À quelles conditions un accord collectif négocié avec un ou plusieurs élus mandatés est-il valable ?

La validé d’un accord collectif conclu avec un ou plusieurs élus mandatés est subordonnée à l’approbation de l’accord par les salariés de l’entreprise à la majorité des suffrages exprimés.

Une consultation du personnel devra donc être organisée, via un référendum d’entreprise.

Les conditions d’organisation de la consultation seront identiques à celles décrites s’agissant de la consultation faisant suite à une négociation avec des salariés mandatés dans les entreprises de 11 à 49 salariés (voir ci-avant).

À quelles conditions un accord collectif négocié avec un ou plusieurs élus du CSE non mandatés est-il valable ?

La validité de l’accord collectif est subordonnée à sa signature par des élus titulaires du CSE représentant la majorité des suffrages exprimés en faveur des membres du CSE lors des dernières élections professionnelles (C. trav., art.

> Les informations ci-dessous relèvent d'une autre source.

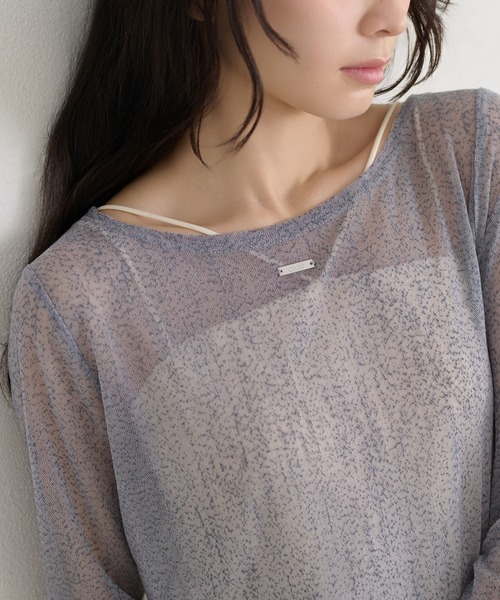 apres jour clair(アプレジュールクレア)の「【apres jour clair】シアープレート付きトップス(Tシャツ/カットソー・レディース・ブラック/ブラウン系その他/アイボリー/ライトブルー/オフホワイト・フリー/X-LARGE)」の5枚目の写真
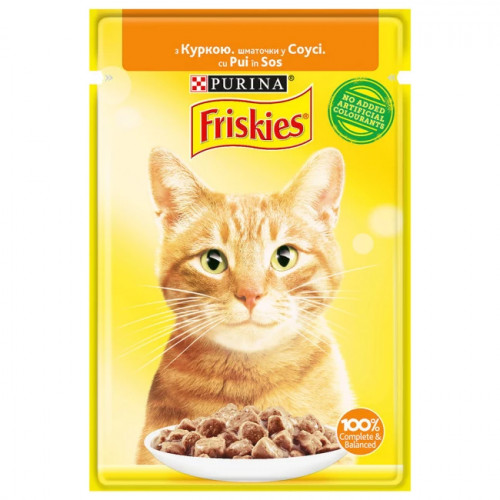 Вологий корм Purina Friskies для котів, з куркою, 85 г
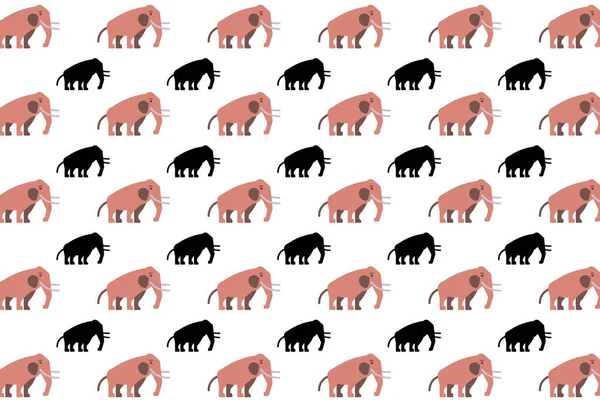 Επίπεδη Mammoth Ζωικό Μοτίβο Φόντο — Διανυσματικό Αρχείο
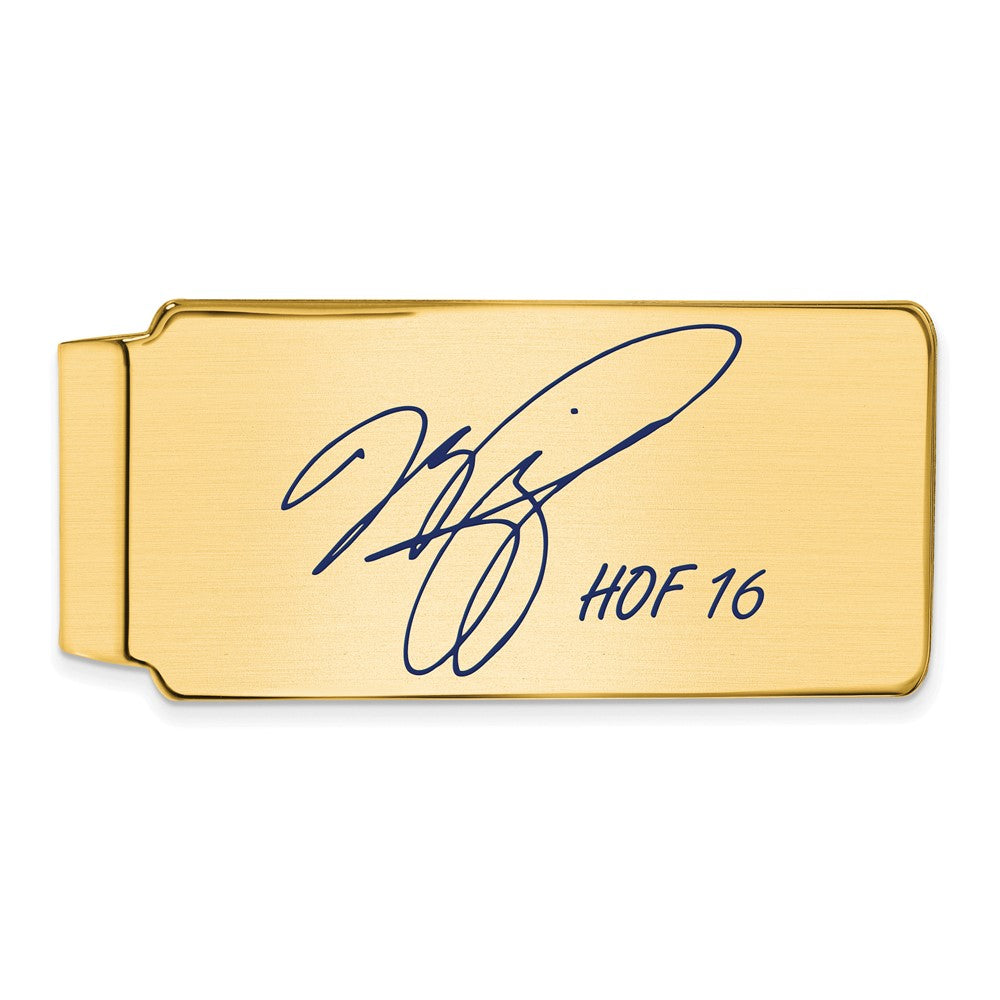 14K Gold Plated Silver Mike Piazza HOF Epoxy Signature Money Clip, Item M11669 by The Black Bow Jewelry Co.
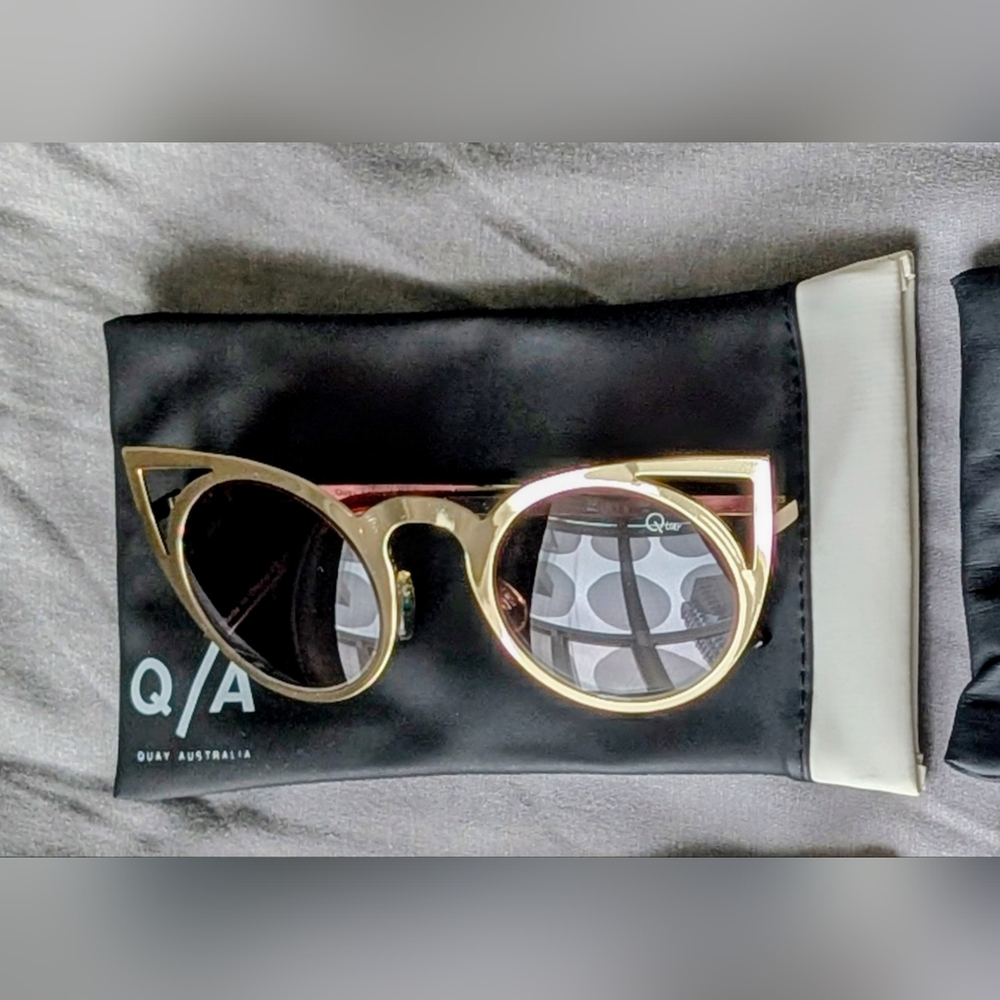 Quay Australia Gold Cat-Eye Sunglasses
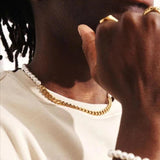 Men's Stainless Steel Cuban Chain Necklace with Half Pearls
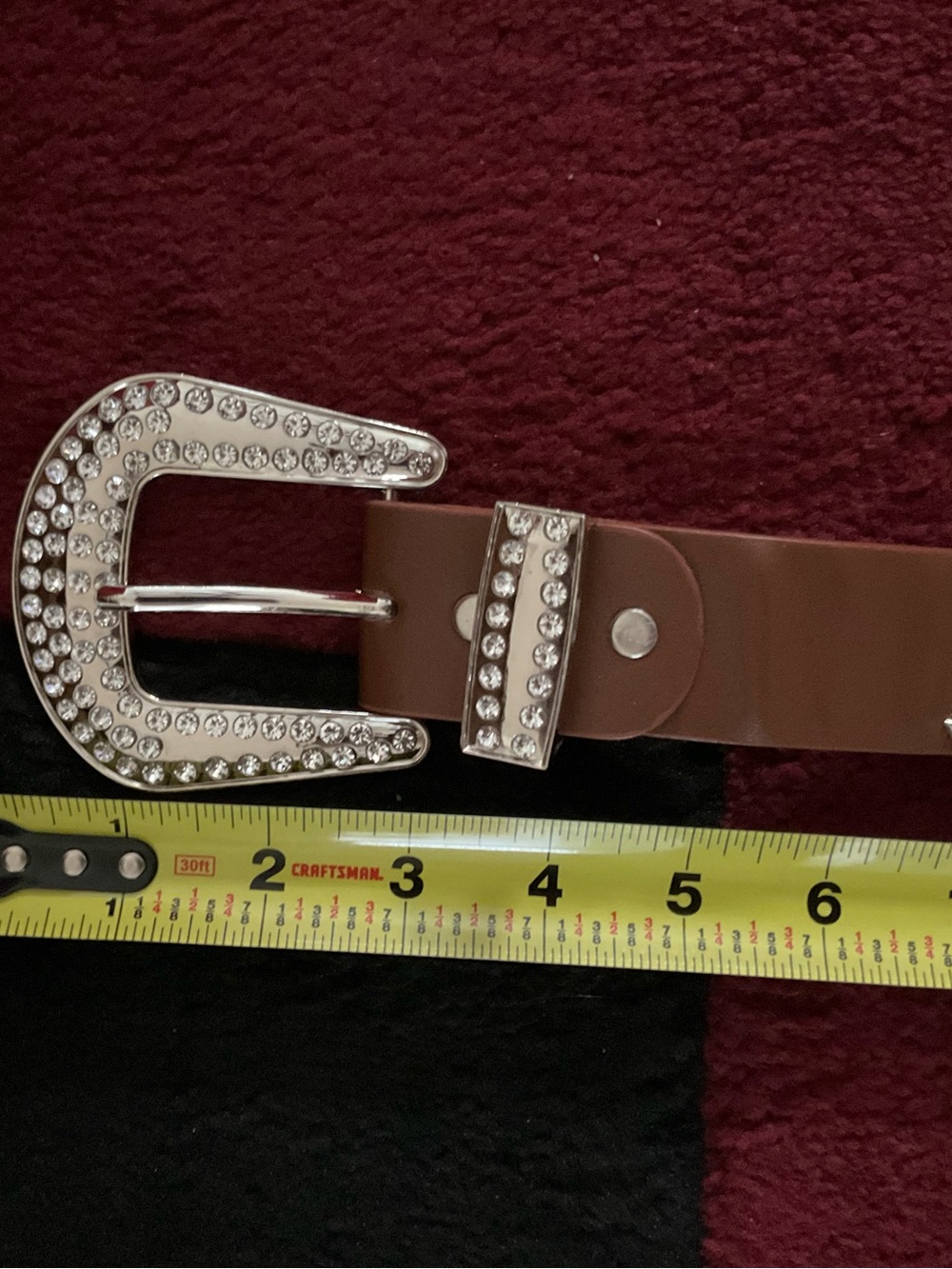 Brown Western Rhinestone Belt with Silver Buckle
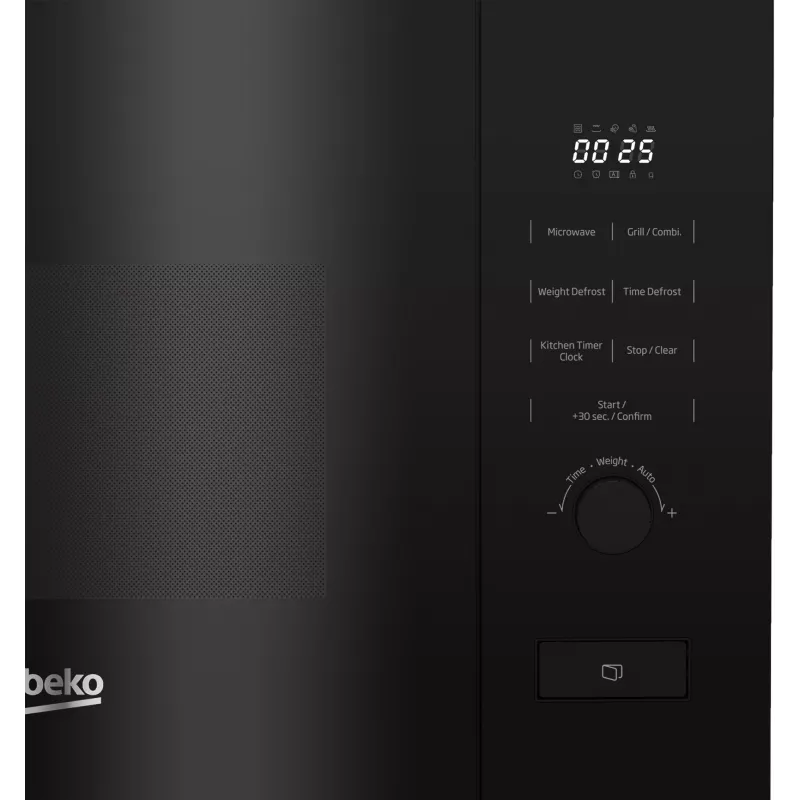 Beko BMGB20212B microondas integrable con grill, 20 l, 800 W, grill de 1000 W, plato giratorio de 31,5 cm, control electrónico, negro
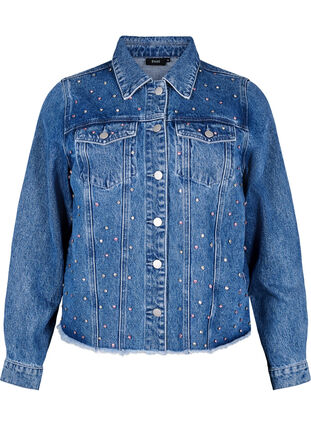 ZizziDenimjack met strasssteentjes en een rauwe zoom, Blue Denim, Packshot image number 0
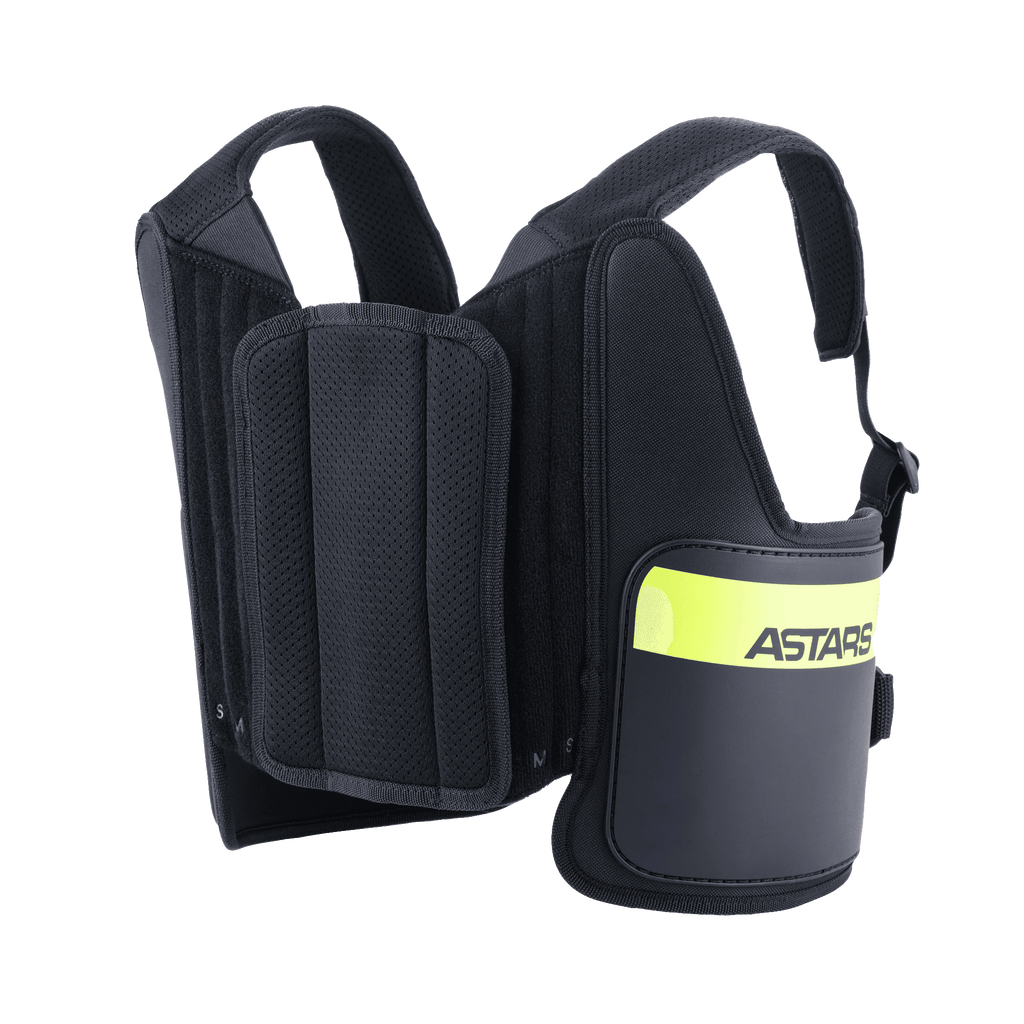 Alpinestars Bionic Rib Support, karting ribbensbeskytter, sort og fluoriserende gul, med ASTARS-branding, justerbare mesh-stropper og flerlags polstret konstruktion for en ergonomisk pasform.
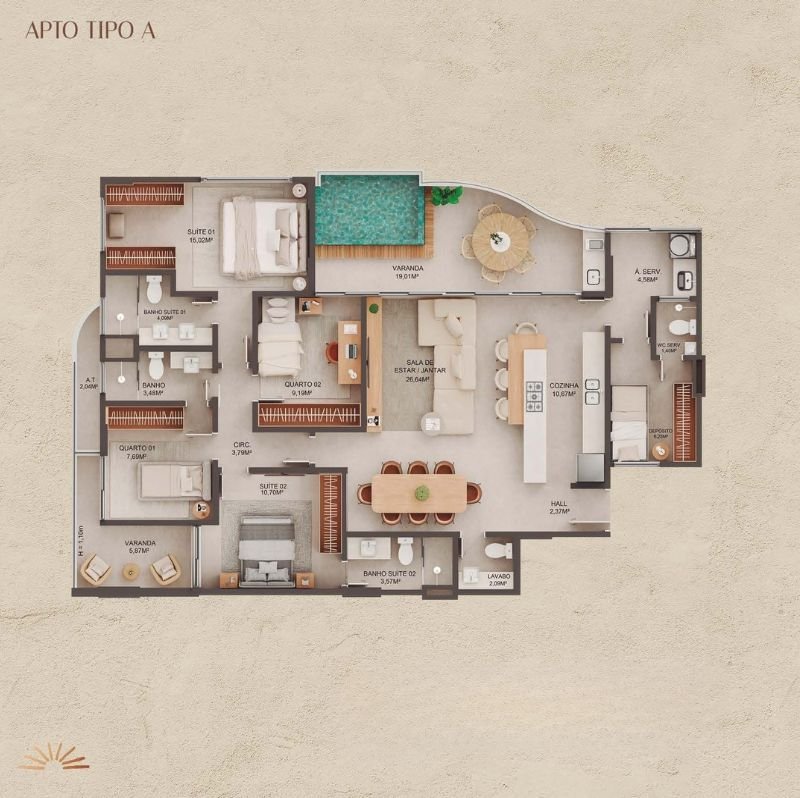 Planta 4 Quartos — Manami Ocean Living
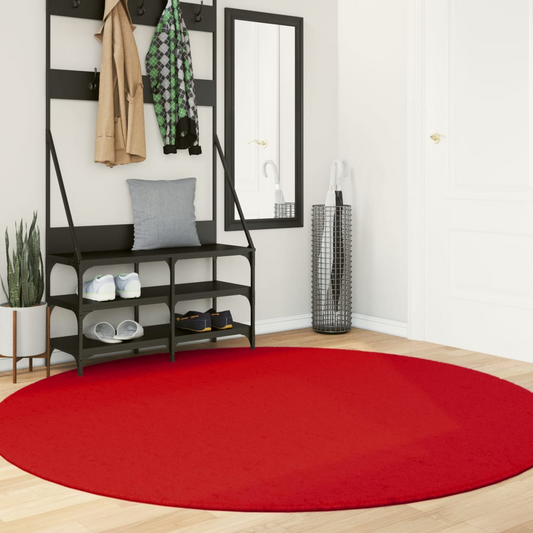 vidaXL Red HUARTE Short Pile Rug - Soft, Fluffy, Washable, Ø 200 cm - Luxury Home Decor - BEYRUN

L. 2232-25).

Les remarques formulées s’agissant de l’appréciation de cette majorité en cas de négociation avec des élus du CSE dans les entreprises de 11 à 49 salariés sont valables dans le présent cas (voir ci-avant).

À quelle conditions un accord collectif négocié avec un ou plusieurs salariés mandatés est-il valable ?

La validité d’un accord collectif conclu avec un ou plusieurs salariés mandatés est subordonnée à l’approbation de l’accord par les salariés de l’entreprise à la majorité des suffrages exprimés.

Une consultation du personnel doit donc être organisée.

La consultation du personnel s’organisera également dans les mêmes conditions que celles décrites s’agissant de la consultation faisant suite à une négociation avec des salariés mandatés dans les entreprises de 11 à 49 salariés (voir ci-avant).

REMARQUE

Il y a lieu de faire le constat que plus l’effectif de l’entreprise augmente, plus la négociation d’un accord collectif est facilitée en présence d’élus du CSE.